I
remembered Dr. Johnson’s happy thought, as reported by Boswell, while reading The Gray Notebook by the Catalan writer
Josep Pla (1897-1981). I had never heard of Pla before this week nor have I
read any other work translated from Catalan. New York Review Books in 2013 performed
a service to English-language readers and published Peter Bush’s translation of
the journal Pla began keeping on his twenty-first birthday, on March 8, 1918,
and maintained for twenty months until he became the Paris correspondent for a
Barcelona newspaper. In his first entry he writes: “I’ll write whatever happens
— simply to pass the time — come what may.” Pla revised his journal throughout
his life, adding layers of thought and recollection, and polishing the prose, and
didn’t publish it until 1966, as part of the forty-five volumes of his complete
works. Most of his work consists of journalism, travel writing and other
nonfiction. In the passage that reminded me of Johnson’s observation, Pla
writes of his home town, Palafrugell, on Spain’s northeastern coast: “Gervasi’s
on plaça Nova is one of the most pleasant taverns in town to drop by. The wine
is usually good and the company is agreeable.”
Pla
goes on to describe the central role taverns play in Catalonian life, and while
doing so reveals his pride in being a provincial. He betrays no sense of cultural
inferiority, though neither is he a nationalist, Catalan or otherwise. Even as
a young man, Pla seems without pretensions:
“To
write the history of Gervasi’s tavern would be to write the history of my
beloved birthplace.
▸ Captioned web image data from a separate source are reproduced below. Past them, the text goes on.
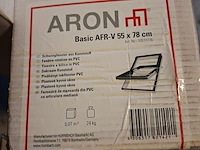 Dakraam met gootstukken aron, basic afr-v 55x78 - afbeelding 2 van  5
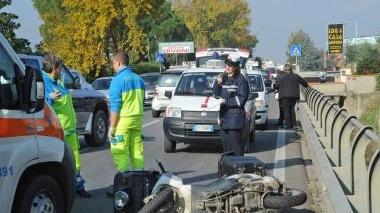 Grave postina travolta in scooter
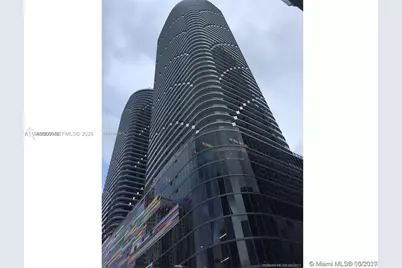 55 SW 9th St #3709, Miami, FL 33130 - Photo 9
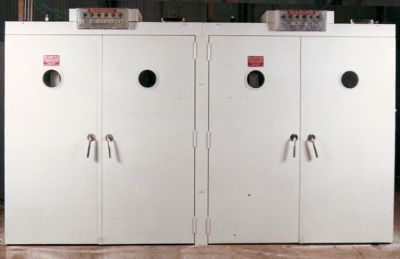 पोल्ट्री सेटर हैचर्स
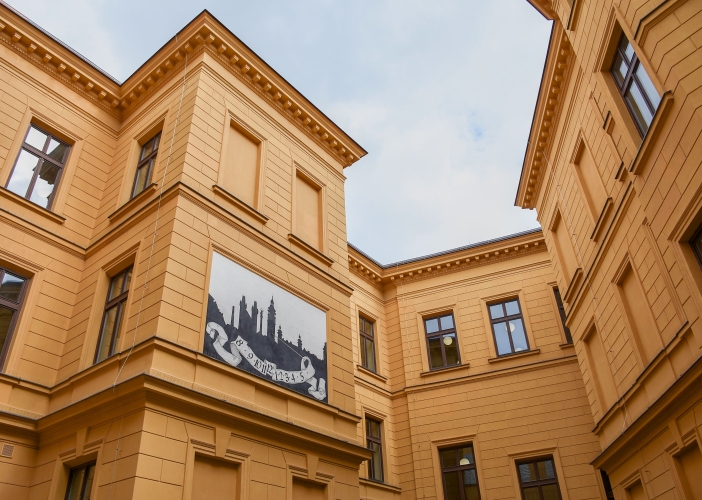 Studenti Filozofické fakulty UHK se vrací do budovy na náměstí Svobody v Hradci králové 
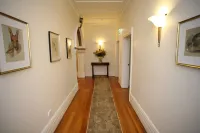 Darcy's Hotel Hotels in Homebush West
It would be a peculiar history because, apart from being
very short, all that would stand out would be the absence of glorious deeds or
famous people. Many people, I suspect, would find this lack of brilliance
depressing. Personally, I am delighted to have been born in a town that has
produced no redeemer, no connoisseur of exotic sensations, no stentorian
preacher. It makes me feel light and free.”
Pla
would make ideal company in a tavern. His mind is practical, not given to
theory. He is amused by life, not outraged. He pays studious attention to his
surroundings and the way people speak. In all of this he reminds me of Sir John
Hawkins’ report in his Life of Johnson
(1787):
“In
contradiction to those, who, having a wife and children, prefer domestic
enjoyments to those which a tavern affords, I have heard [Dr. Johnson] assert,
that a tavern-chair was the throne of human felicity.—`As soon,’ said he, `as I
enter the door of a tavern, I experience an oblivion of care, and a freedom
from solicitude: when I am seated, I find the master courteous, and the
servants obsequious to my call; anxious to know and ready to supply my wants:
wine there exhilarates my spirits, and prompts me to free conversation and an
interchange of discourse with those whom I most love: I dogmatise and am
contradicted, and in this conflict of opinion and sentiments I find delight.’”
1 comment:
Yes that cut and thrust delineated in the final two lines of your post are true pleasure. A taking pleasure in the mental exploration of the human condition by challenging wrong-headed ideas about it. What fun!